Most of it is a $2-billion health transfer top-up the federal government pledged for provincial and territorial governments in March mainly to help relieve surgical backlogs.
Freeland says the funds can now be transferred because the budget bill that contained them passed June 23.
But the transfer also comes days after premiers were heavily critical of the federal Liberals for not shouldering enough of the weight of health-care costs.
Thursday’s transfer fulfils a Liberal election promise to give provinces and territories another $100 million to improve air quality in classrooms.

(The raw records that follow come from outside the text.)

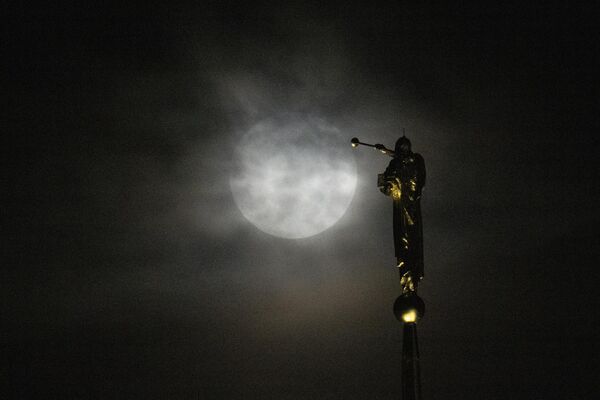 Superlună, lună albastră, se ridică printre stratul gros de nori în spatele statuiei Îngerului Moroni aflat în vârful Bisericii lui Isus Hristos a Sfinților din Zilele din Urmă din în Kensington, 30 august 2023. - Sputnik Moldova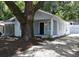 Charming bungalow with gray siding, mature tree, and a well-manicured yard at 8010 N 11Th St, Tampa, FL 33604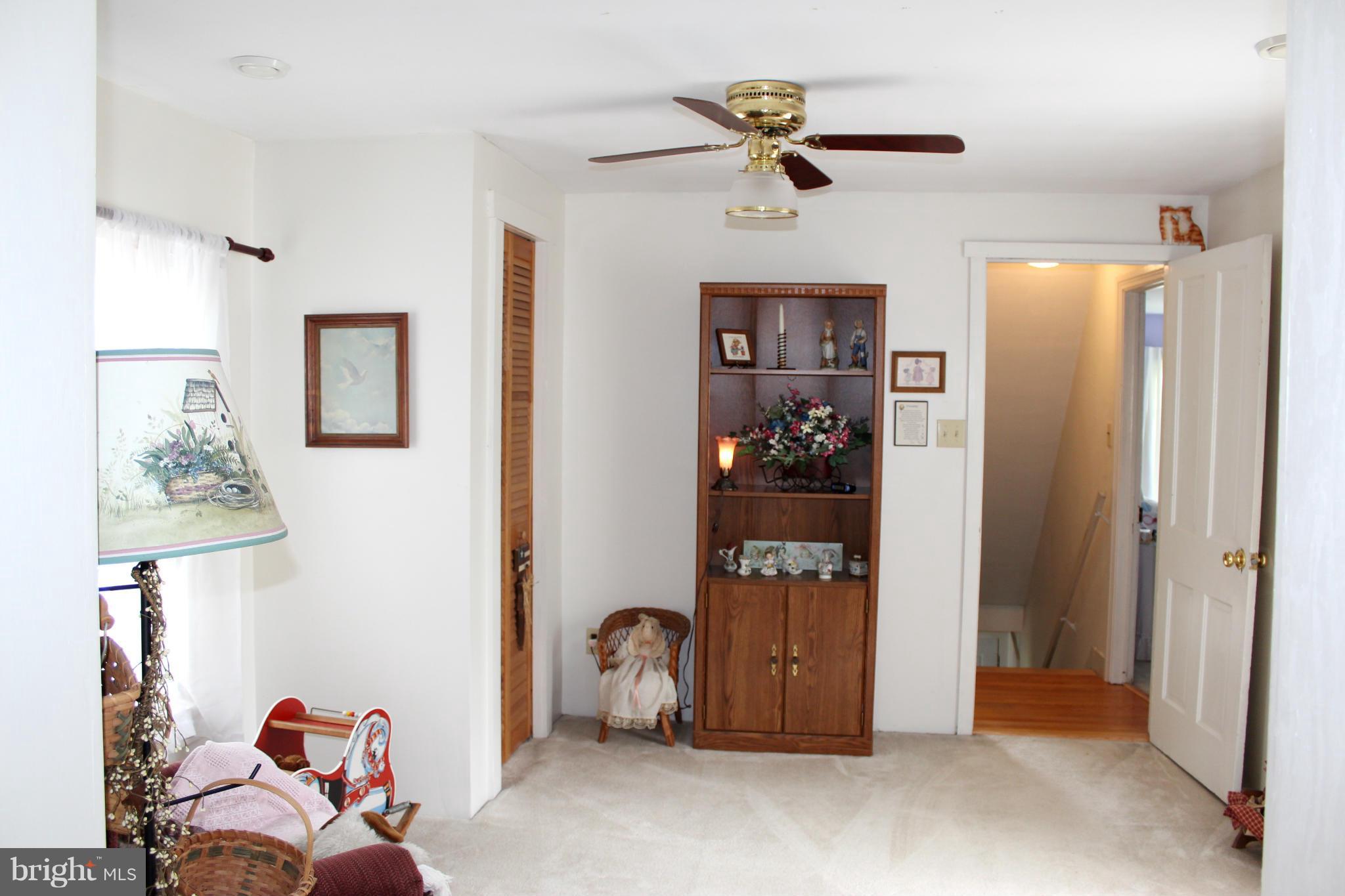 11191 Big Pool Road Big Pool, MD 21711 - Photo 20 of 30 a living room with furniture and a window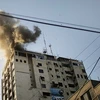 Những cột khói ở Al-Aqsa đài truyền hình địa phương tại thành phố Gaza ở phía Bắc dải Gaza vào ngày 18/11 vừa qua. (Nguồn: Getty Images)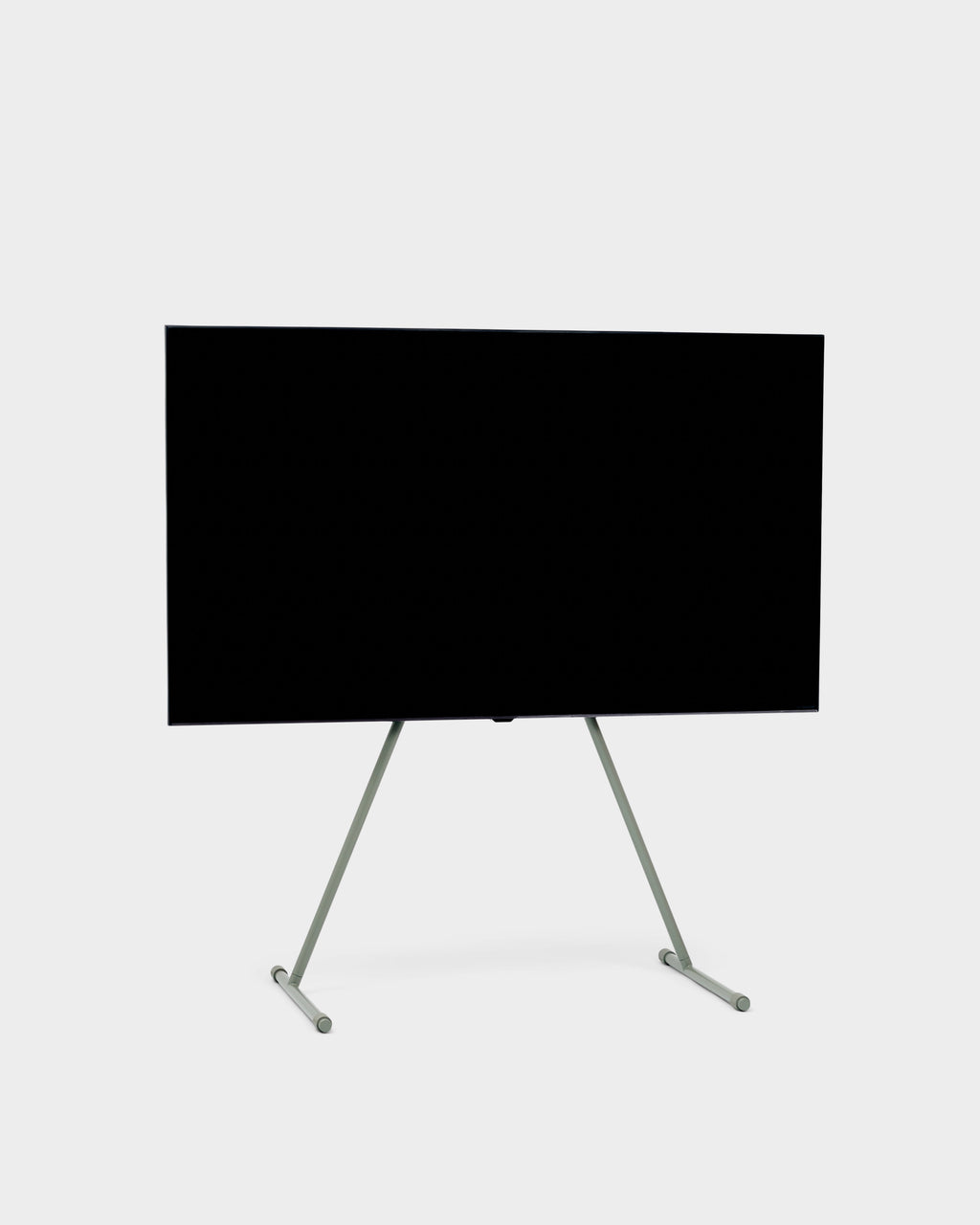 Viva TV stand in Mossy Green holding a large flat-screen TV, angled studio packshot on a light grey background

It also includes the $750-million pledged in February for municipal governments to manage plunging public transit revenues as a result of the pandemic.
The transit funding requires provinces and territories to provide matching dollars, and is also contingent on them building more homes to address rising housing costs.
The one-time top-up to health funding was promised by Health Minister Jean-Yves Duclos March 25, and he and Freeland co-sponsored a bill to enable that spending the same day.
But that bill was never debated and instead the Liberals included the funding in their budget bill, which was introduced a month later.
Duclos said in March the money was to help provinces “expedite” surgeries. Wait lists for most surgical procedures ballooned during COVID-19, as hospitals delayed non-urgent surgeries because of an influx of COVID-19 patients.
Duclos said earlier this week letters were being signed with each province to finalize the payments as the premiers met in British Columbia.
The premiers have said these one-time top-ups are not enough to repair the damage the pandemic has caused to their health-care systems, and they want the federal government to increase its share of health funding on a permanent basis.